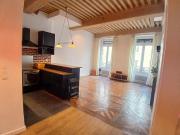 Appartement avec terrasse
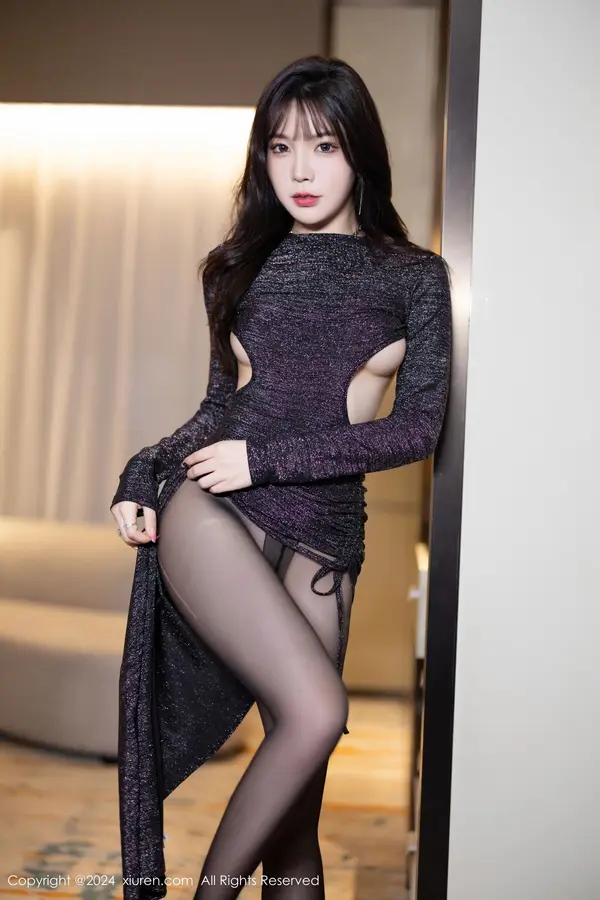 Vol. 08200 徐莉芝Booty(89P)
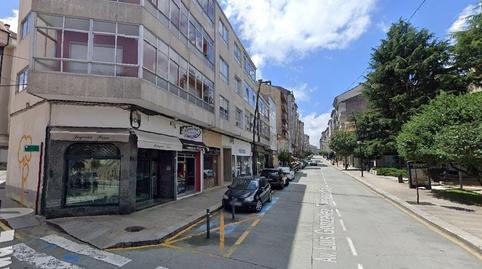 Foto 5 de Pis en venda a  Luis Glez Taboada, 9, Lalín, Pontevedra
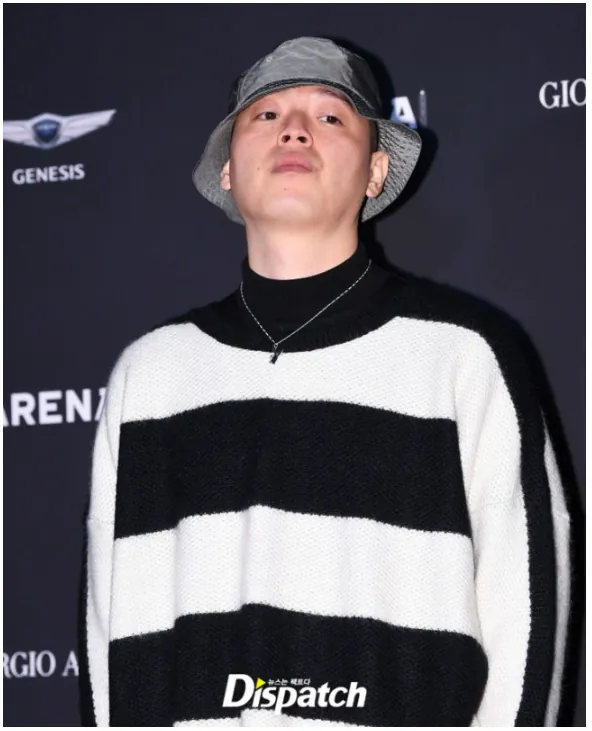 20260723_150453.png [단독] 이센스, 클럽 강제추행 벌금형…"상호 동의 접촉, 정식 재판 청구"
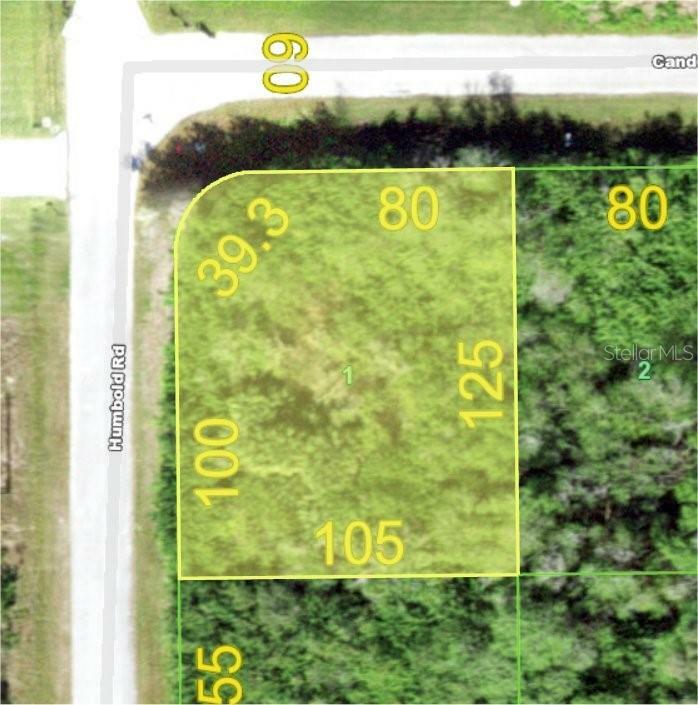 Property Photo:  14303 Cando Avenue  FL 33981 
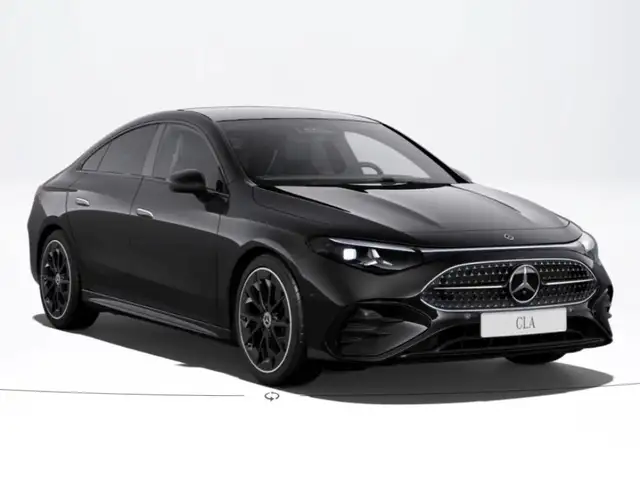Mercedes-Benz CLA 200 AMG Line Premium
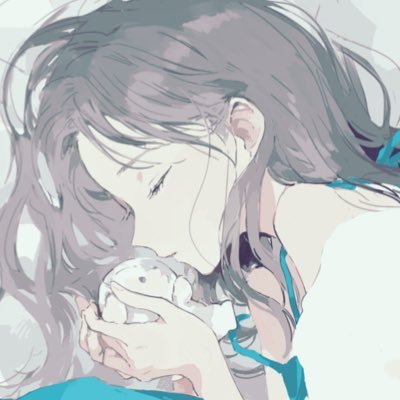 yuriddict's profile picture. don’t bite the hand that fingers you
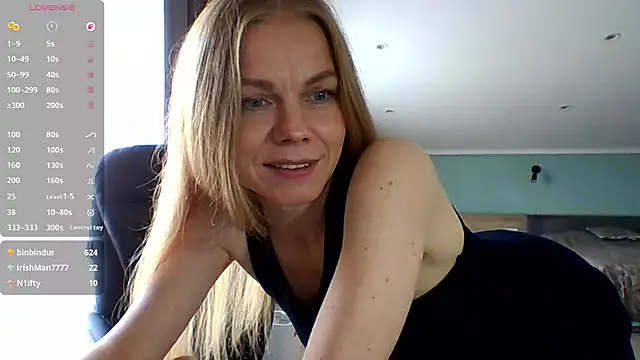 TinaDiamond Live XXX-chat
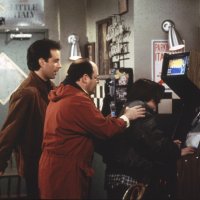 Seinfeld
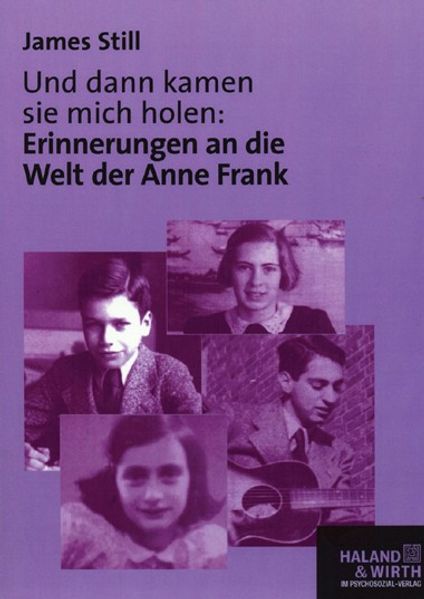 Cover von Und dann kamen sie mich holen:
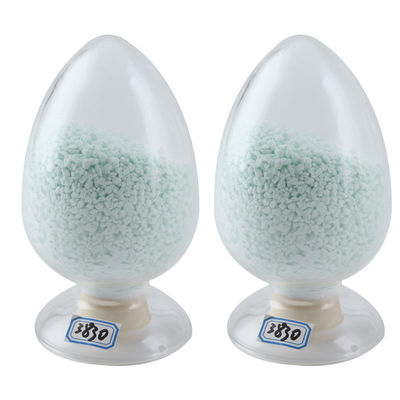 Bubuk Senyawa Moulding Melamin Tahan Panas Tinggi Dengan Permukaan Halus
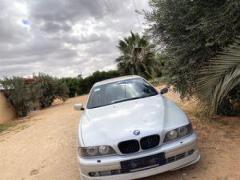 BMW 525i 2003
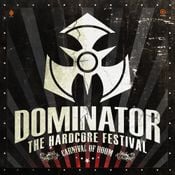 Dominator - The Carnival of Doom Podcast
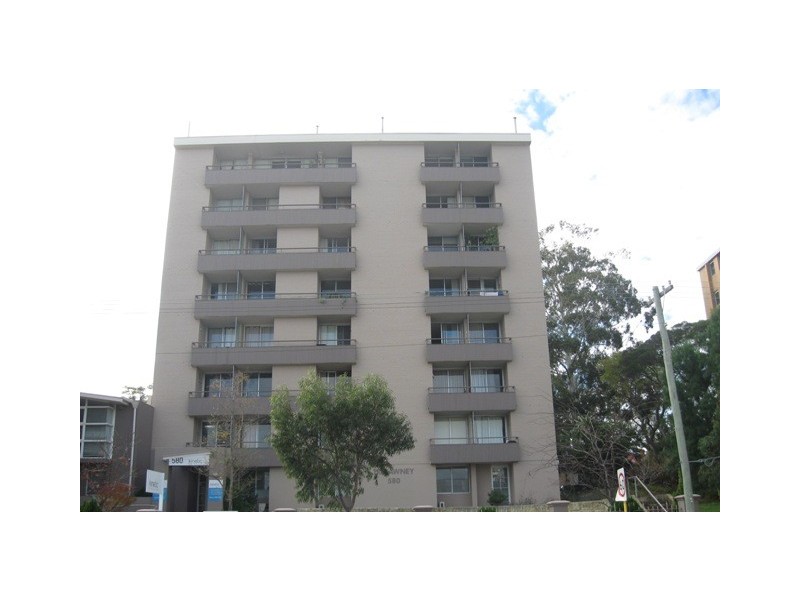 61/580 Newcastle Street, West Perth WA 6005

What the task requires. Every entry above needs to be retyped exactly; drop the pictures.

Your response.
 Appartement avec terrasse
 Vol. 08200 徐莉芝Booty(89P)
 Foto 5 de Pis en venda a  Luis Glez Taboada, 9, Lalín, Pontevedra
 20260723_150453.png [단독] 이센스, 클럽 강제추행 벌금형…"상호 동의 접촉, 정식 재판 청구"
 Property Photo:  14303 Cando Avenue  FL 33981 
Mercedes-Benz CLA 200 AMG Line Premium
 yuriddict's profile picture. don’t bite the hand that fingers you
 TinaDiamond Live XXX-chat
 Seinfeld
 Cover von Und dann kamen sie mich holen:
 Bubuk Senyawa Moulding Melamin Tahan Panas Tinggi Dengan Permukaan Halus
 BMW 525i 2003
 Dominator - The Carnival of Doom Podcast
 61/580 Newcastle Street, West Perth WA 6005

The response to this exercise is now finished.